I flopped down on a green damask settee. “I’m not sure if closure is the way to describe it.” Beck being there had pulled my focus. He’d been a complete distraction.
“It does seem like you’ve moved on. Hopefully, you can get your design business back up and running, leave that recruitment consultancy, and forget about Matt and Karen. Especially now you’re seeing someone else.”
“I’m not seeing someone else,” I said. “Beck and I . . . It’s nothing. And now we’re back in London, so . . .”
“What?” Florence asked, finally pulling herself away from the Chinese basin she’d been eyeing up and joining me on the settee. “What happened? You both seemed so into each other.”
I’d been into him. Too into him. I’d gotten so caught up in it—the sex, the way he held my hand as if he wouldn’t let go for anything. The way he looked at me when he thought I wasn’t looking. We’d been fast-forwarded into the honeymoon stages of a relationship and all of a sudden we were home and our relationship had been annulled. “I guess we put on a good show.”
She nudged me. “Come on, we both know it was more than that. What happened?”

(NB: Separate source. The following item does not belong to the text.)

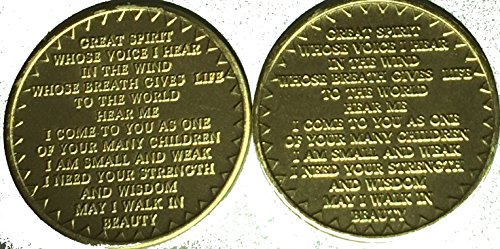 Healing Spirit Of Recovery Native American Bulk Lot of 25 Medallions Chips Bronze Great Spirit Prayer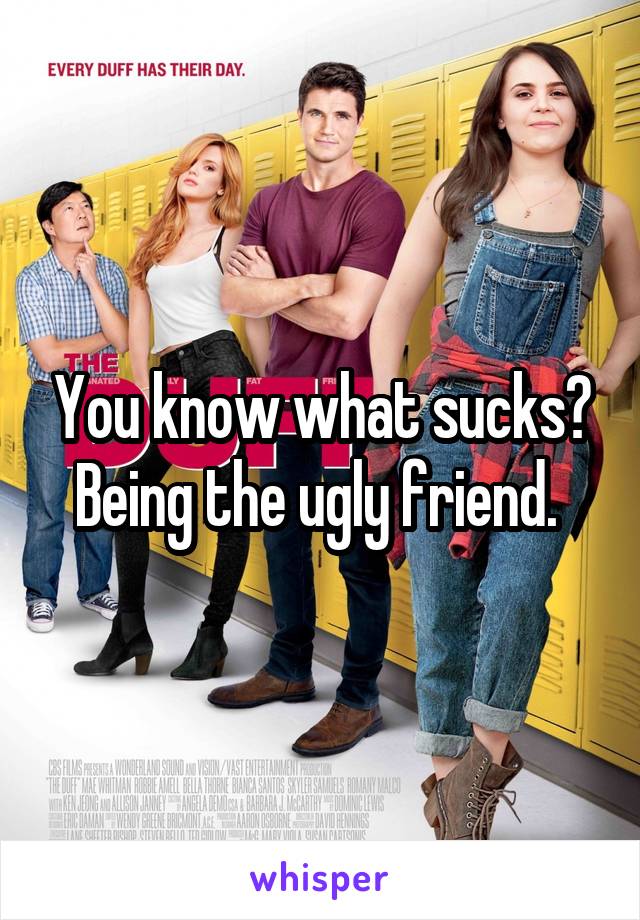 You know what sucks? Being the ugly friend.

“I’ve just learned that I’m way too trusting. I’ve got to toughen up. Assume the worst. See things how they are and not how I want them to be.” I stood and started scanning the room for more inspiration.
“Stella, what on earth went wrong?”
“Nothing. But Beck—I barely knew him. And one thing’s for certain. I’m not jumping from the frying pan into the fire.”
“No, there should be no jumping into any fires. Did he end things between you?”
“Things? There were no things to end. It was just casual—something to pass the time.”
“So he didn’t bring up seeing you again in London?” she asked.
“Kind of. I mean, hardly.” I swallowed, trying to get rid of the disappointment I’d felt when he hadn’t even tried to convince me we could combine the professional and the personal.
“So he did?” she asked.
“He said something about celebrating him getting the building.”
“Right,” Florence said. “And what did you say?”
“Nothing much. He didn’t seem too bothered. I said something about how because we’d be working together, we should be professional.”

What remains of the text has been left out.